I remember the rhythmic crunch of each of my steps breaking the crust of the snow on the road below. The twin buttes of the Bears Ears on the horizon sat ahead of me, backlit by the low January sunset. It was the winter of 2018, and I was running in protest with 17 friends and six dogs across the Bears Ears and Grand Staircase Escalante National Monuments to raise awareness about the Trump administration’s efforts to radically reduce their protections and sidelined tribes’ involvement in their management. At that moment, I also had no idea where my next paycheck would come from. Not only was I running in protest, but I had also quit my job with the Department of Energy in protest as well. I had left because I could not stomach the moral compromises I would need to navigate as a Native person implementing the Trump administration’s policies.

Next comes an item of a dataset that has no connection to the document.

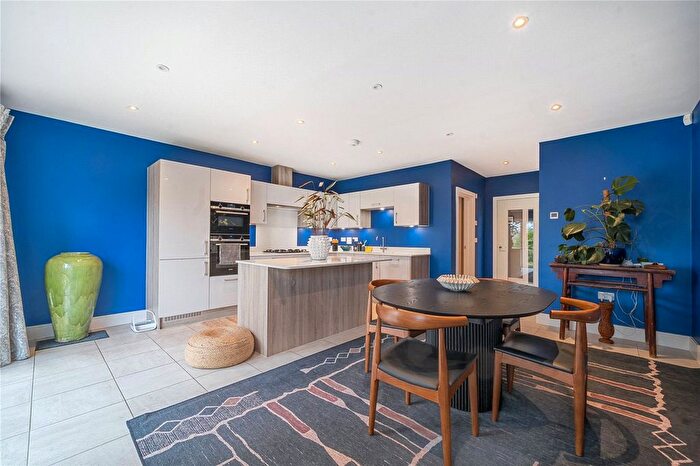 3 Bedroom Semi-detached House To Rent In Pavilion Place, East Molesey, KT8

The election of 2016 represented a seismic shift. Just months prior, the term “climate change” was a centerpiece of our work under the Obama administration; however, with the change in the presidency, I was asked to scrub this term from all our public-facing materials. I refused, and later shared this experience with congress. The climate of our office grew tense after the Trump administration appointed a new official who had advocated for the targeted executions of “liberal” professors, rooted out government employees who “believed” in climate change, and shared a multitude of racist and anti-Semitic views. The best way I could advocate for my community was to fight from the outside to make a change.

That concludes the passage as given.